Activity: Print every record exactly, omitting all pictures.

Data extracts:
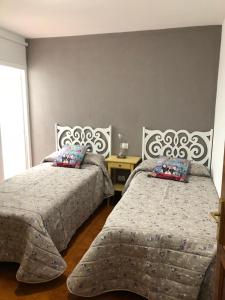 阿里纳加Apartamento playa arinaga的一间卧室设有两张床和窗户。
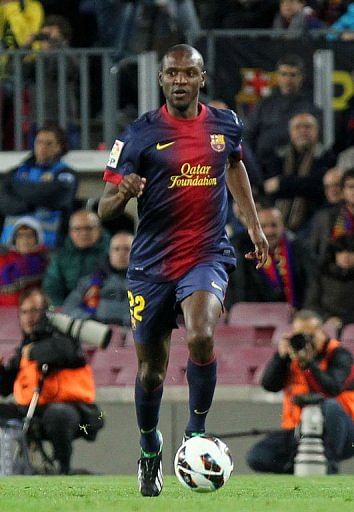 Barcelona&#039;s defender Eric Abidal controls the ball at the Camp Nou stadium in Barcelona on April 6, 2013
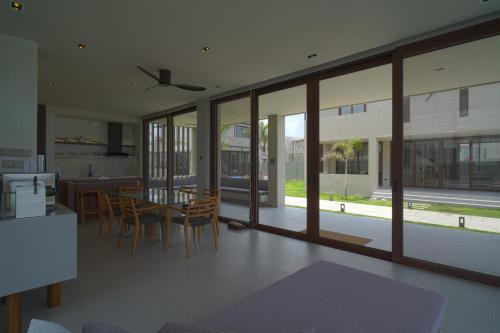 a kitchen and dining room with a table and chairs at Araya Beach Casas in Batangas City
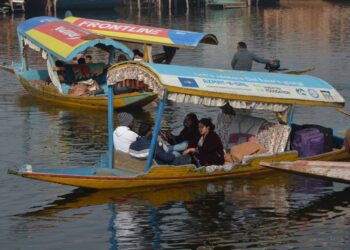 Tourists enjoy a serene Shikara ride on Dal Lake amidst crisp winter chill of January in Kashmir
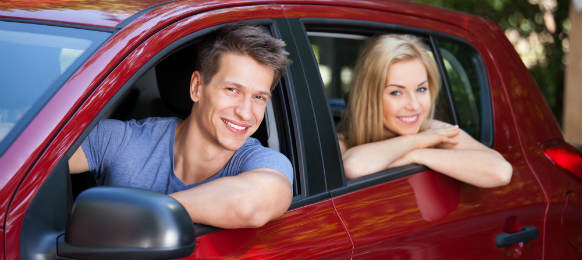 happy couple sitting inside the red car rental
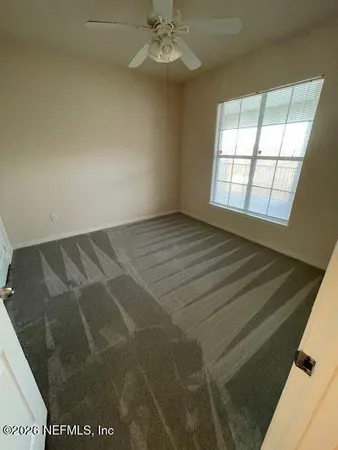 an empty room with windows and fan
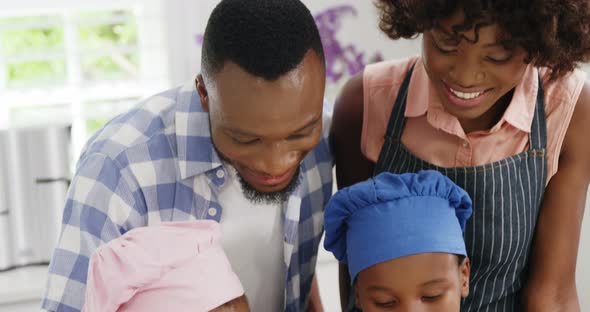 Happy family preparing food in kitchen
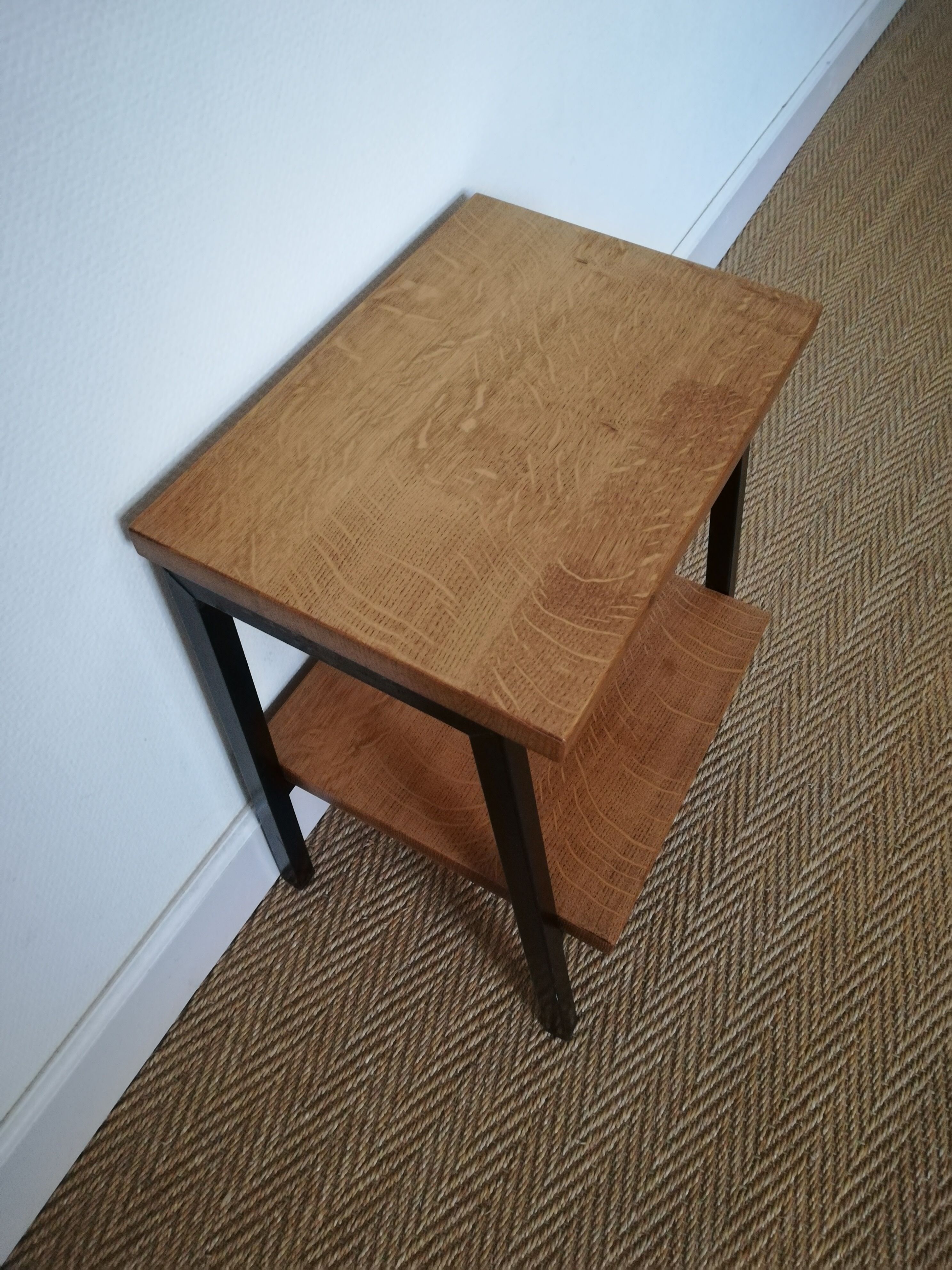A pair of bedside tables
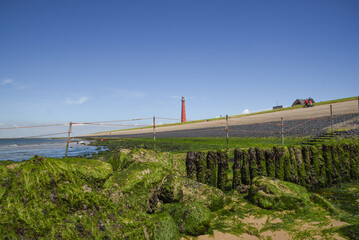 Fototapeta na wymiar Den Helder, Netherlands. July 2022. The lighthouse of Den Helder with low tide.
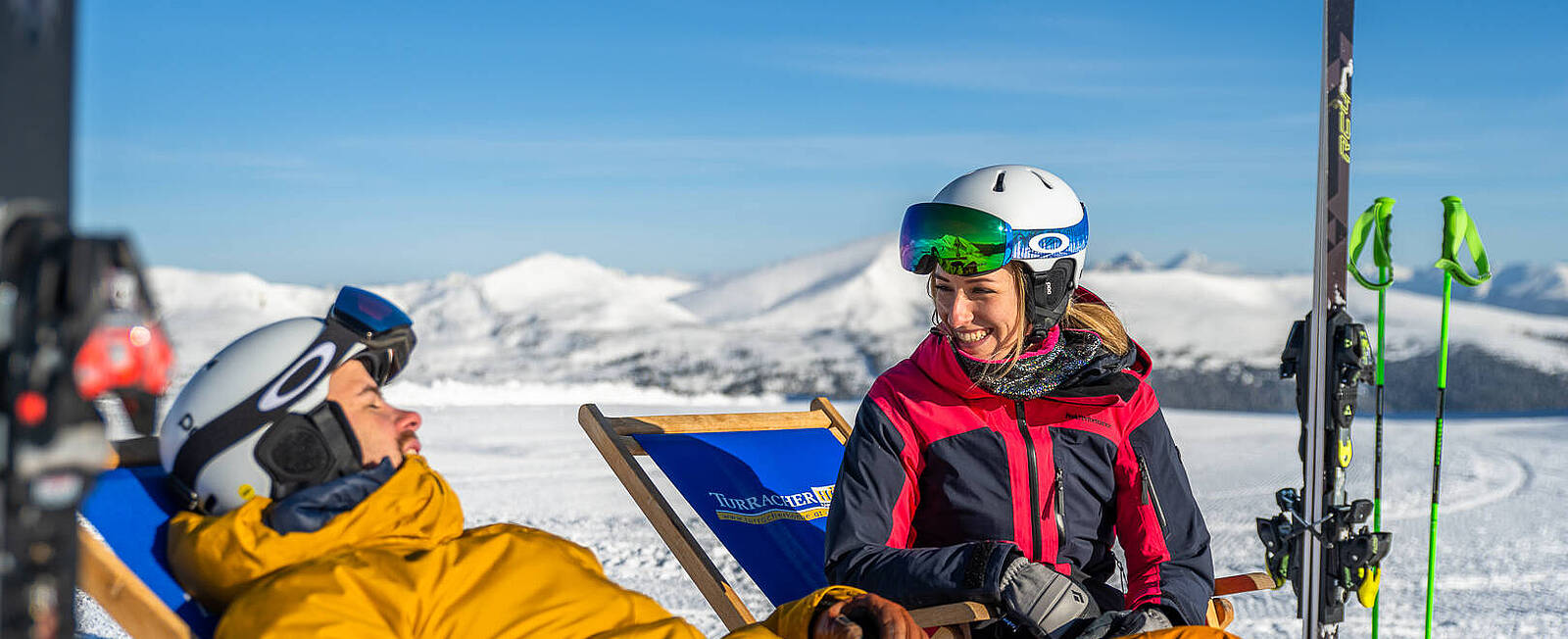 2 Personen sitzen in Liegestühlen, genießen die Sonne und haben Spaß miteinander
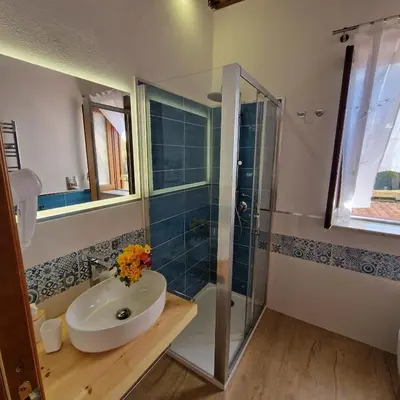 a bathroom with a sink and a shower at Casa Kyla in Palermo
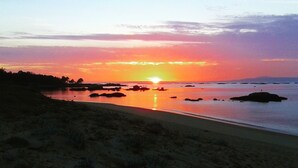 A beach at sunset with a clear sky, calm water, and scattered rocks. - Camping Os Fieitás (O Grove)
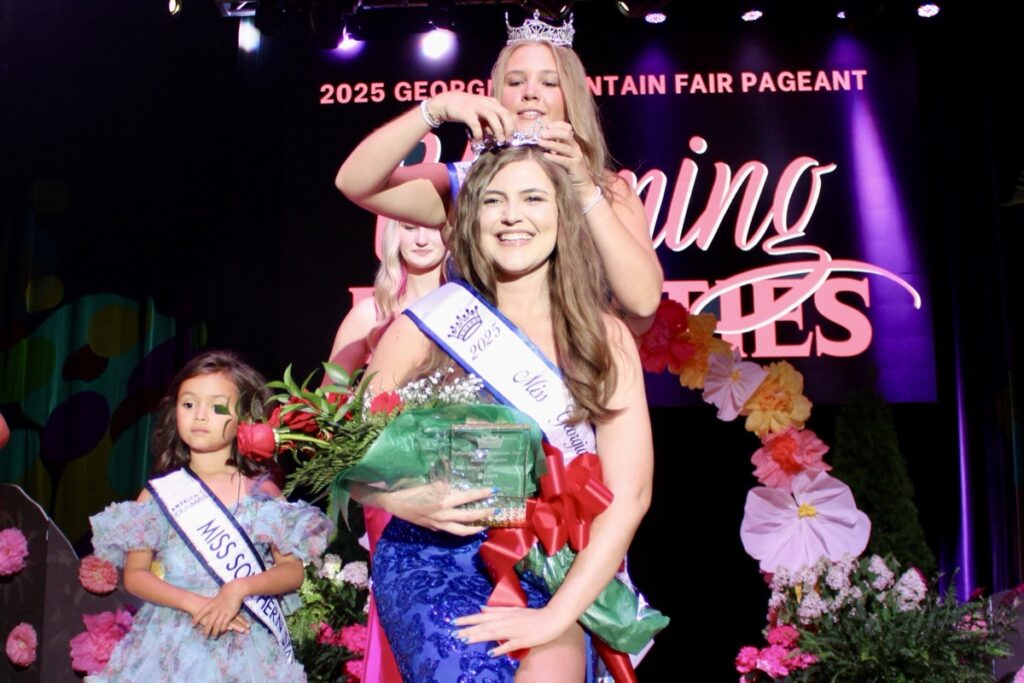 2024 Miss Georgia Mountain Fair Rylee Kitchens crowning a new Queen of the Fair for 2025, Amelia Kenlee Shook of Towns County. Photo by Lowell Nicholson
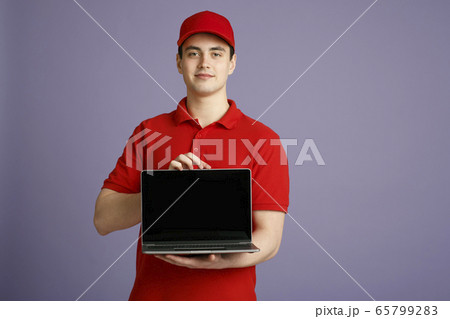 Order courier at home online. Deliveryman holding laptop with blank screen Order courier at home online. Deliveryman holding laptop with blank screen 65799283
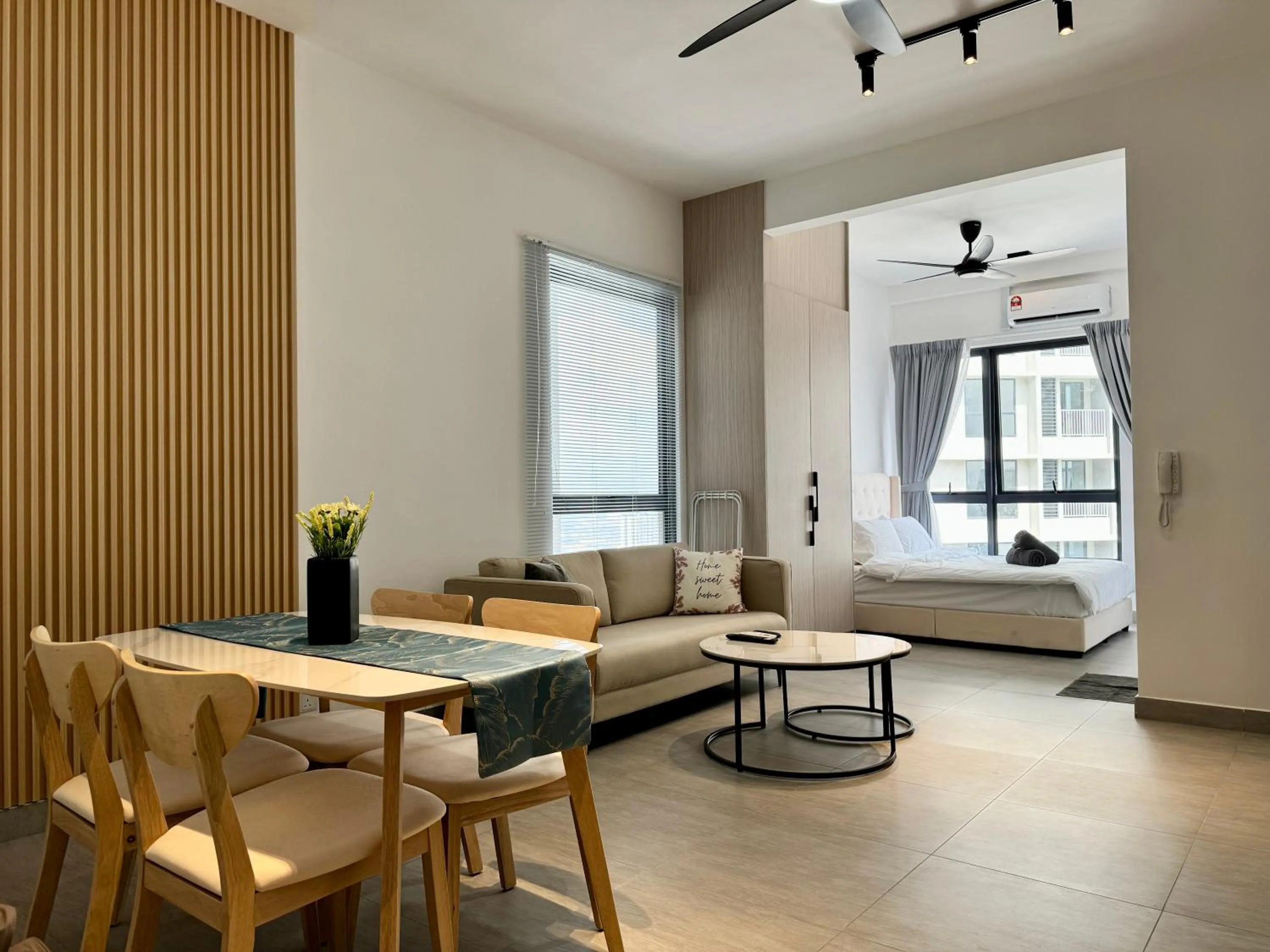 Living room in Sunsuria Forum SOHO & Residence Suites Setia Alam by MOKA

Output below:
 阿里纳加Apartamento playa arinaga的一间卧室设有两张床和窗户。
 Barcelona&#039;s defender Eric Abidal controls the ball at the Camp Nou stadium in Barcelona on April 6, 2013
 a kitchen and dining room with a table and chairs at Araya Beach Casas in Batangas City
 Tourists enjoy a serene Shikara ride on Dal Lake amidst crisp winter chill of January in Kashmir
 happy couple sitting inside the red car rental
 an empty room with windows and fan
 Happy family preparing food in kitchen
A pair of bedside tables
 Fototapeta na wymiar Den Helder, Netherlands. July 2022. The lighthouse of Den Helder with low tide.
 2 Personen sitzen in Liegestühlen, genießen die Sonne und haben Spaß miteinander
 a bathroom with a sink and a shower at Casa Kyla in Palermo
 A beach at sunset with a clear sky, calm water, and scattered rocks. - Camping Os Fieitás (O Grove)
 2024 Miss Georgia Mountain Fair Rylee Kitchens crowning a new Queen of the Fair for 2025, Amelia Kenlee Shook of Towns County. Photo by Lowell Nicholson
 Order courier at home online. Deliveryman holding laptop with blank screen Order courier at home online. Deliveryman holding laptop with blank screen 65799283
 Living room in Sunsuria Forum SOHO & Residence Suites Setia Alam by MOKA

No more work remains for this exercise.